# Mousery Map!



## love2read (Aug 30, 2011)

I'm putting together a map for US mouse breeders. I'm using Google Maps though, so I think I should be able to put in UK breeders as well, if anyone is interested.  Hopefully it will help newbies(and oldies!) to find breeders in their area.

Fancy Mouse Breeder Map: http://goo.gl/maps/dyHm1

It's a work in progress, so it's pretty bare at the moment. Help me fill it up! :mrgreen:

To submit your mousery, fill out the following form: http://form.jotform.us/form/22807080110137


----------



## Seafolly (Mar 13, 2012)

Awesome idea!

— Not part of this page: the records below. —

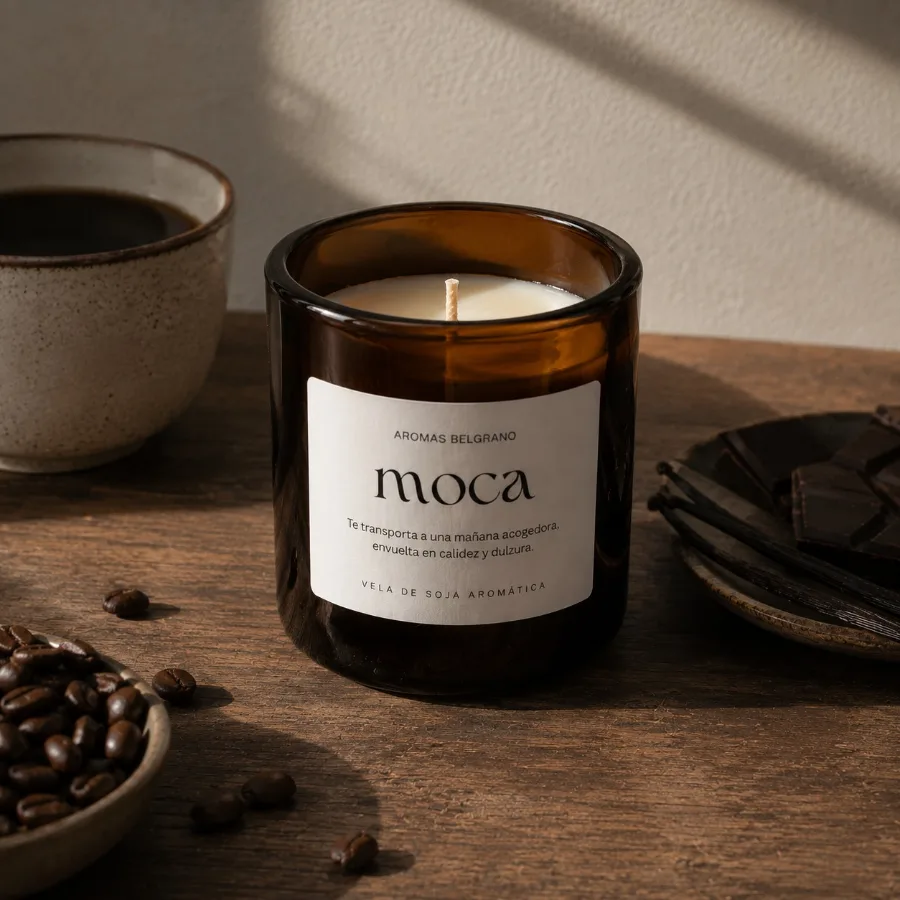 Vela Moca con etiqueta Aromas Belgrano
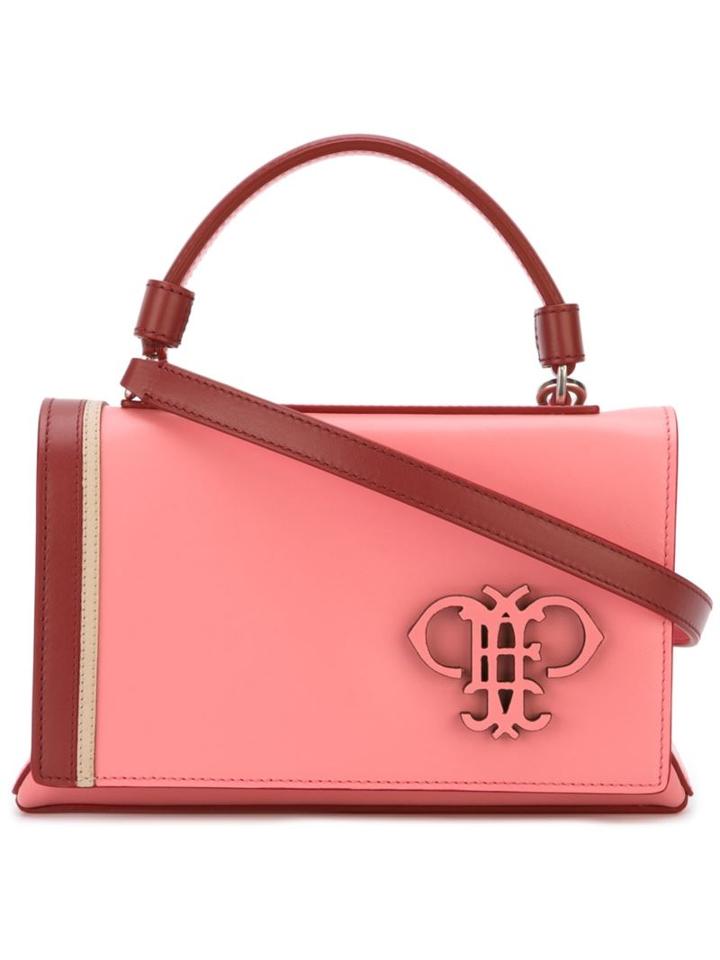 Emilio Pucci Logo Plaque Foldover Tote, Women's, Pink/purple, Calf Leather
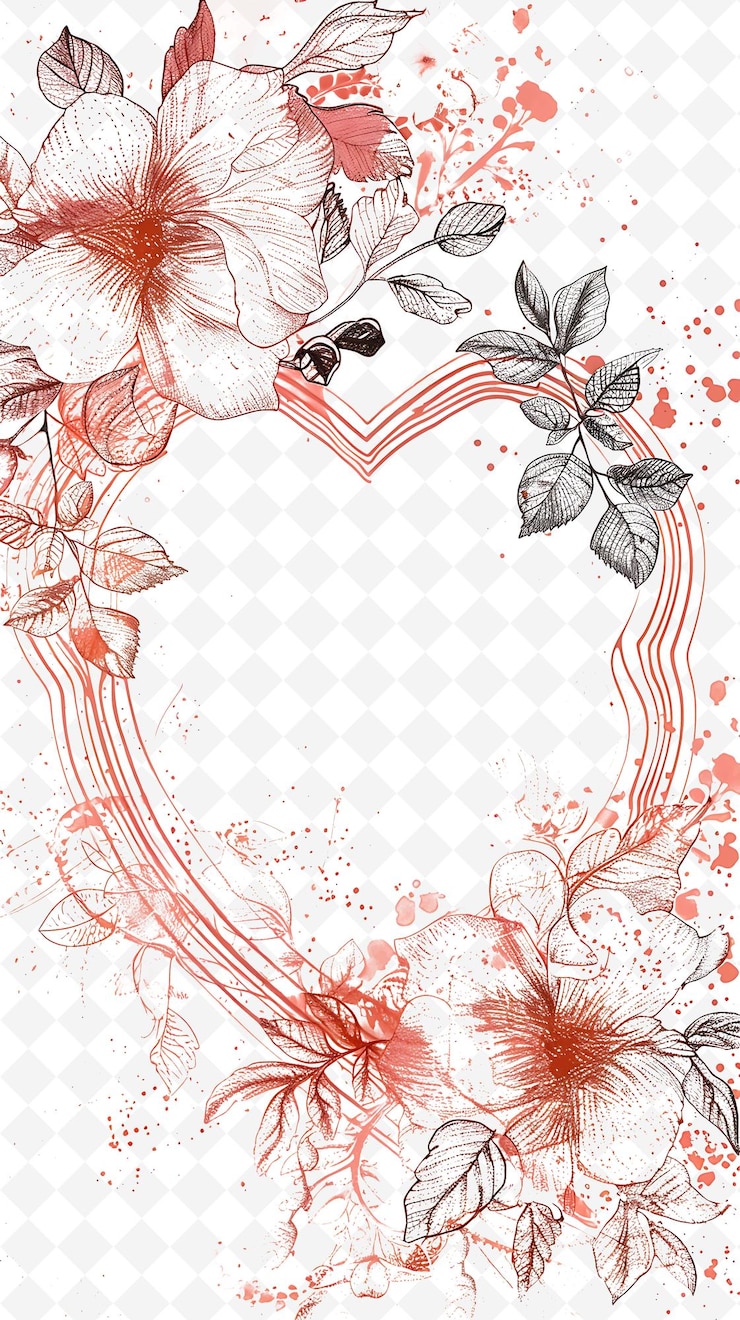 PSD a heart with flowers and a heart made of watercolors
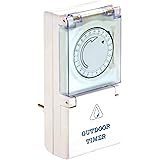 as - Schwabe Zeitschaltuhr Außen-Bereich mechanisch 230 V /16 A – Schuko-Steckdose mit Zeitschaltuhr – Analoge Outdoor Zeitsc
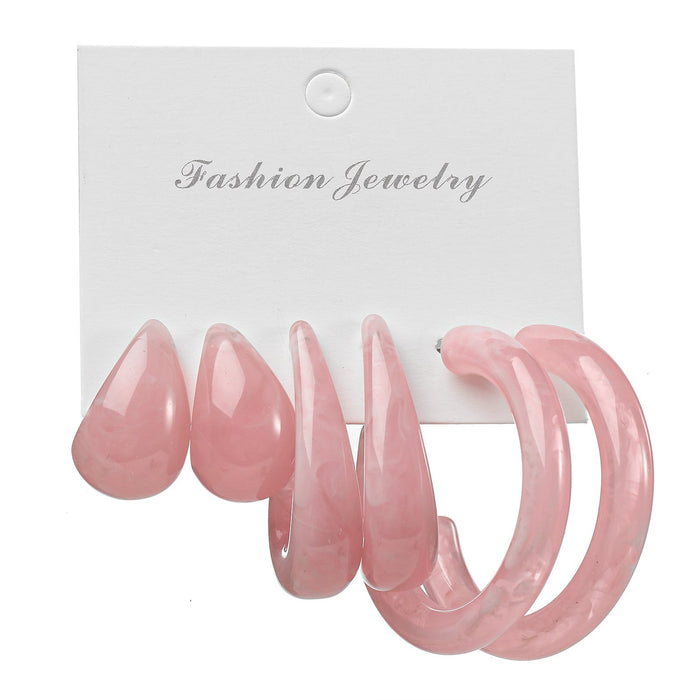 Wholesale green acetate earrings JDC-ES-SF079 Earrings 少峰 pink Wholesale Jewelry JoyasDeChina Joyas De China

I don't think I count as a mousery, more like a fancier who happens to breed.


----------



## love2read (Aug 30, 2011)

If you're breeding and adopting out mice then I'd be more then happy to add you to the map!


----------



## PPVallhunds (Jul 26, 2010)

Are you adding non members to the map? If not theres a members map allready (to save you ages putting them all in)
viewtopic.php?f=28&t=6131


----------



## andypandy29us (Aug 10, 2012)

thats a fab idea im looking forward to joining that map ... hoping to get a boy in march when my house is sorted ... my friend has given me 2 cages to keep my extra mice in when im ready


----------



## love2read (Aug 30, 2011)

Thank you to everyone who's entered their info so far! I'm about to go update the map with today's new entries. 



PPVallhunds said:


> Are you adding non members to the map? If not theres a members map allready (to save you ages putting them all in)
> viewtopic.php?f=28&t=6131


Sweet! I didn't realize the forum had a map too! :mrgreen:

It looks like it needs a good update though. Alot of the links don't have any contact info...


----------



## PPVallhunds (Jul 26, 2010)

yeah it took me ages to find it again lol


----------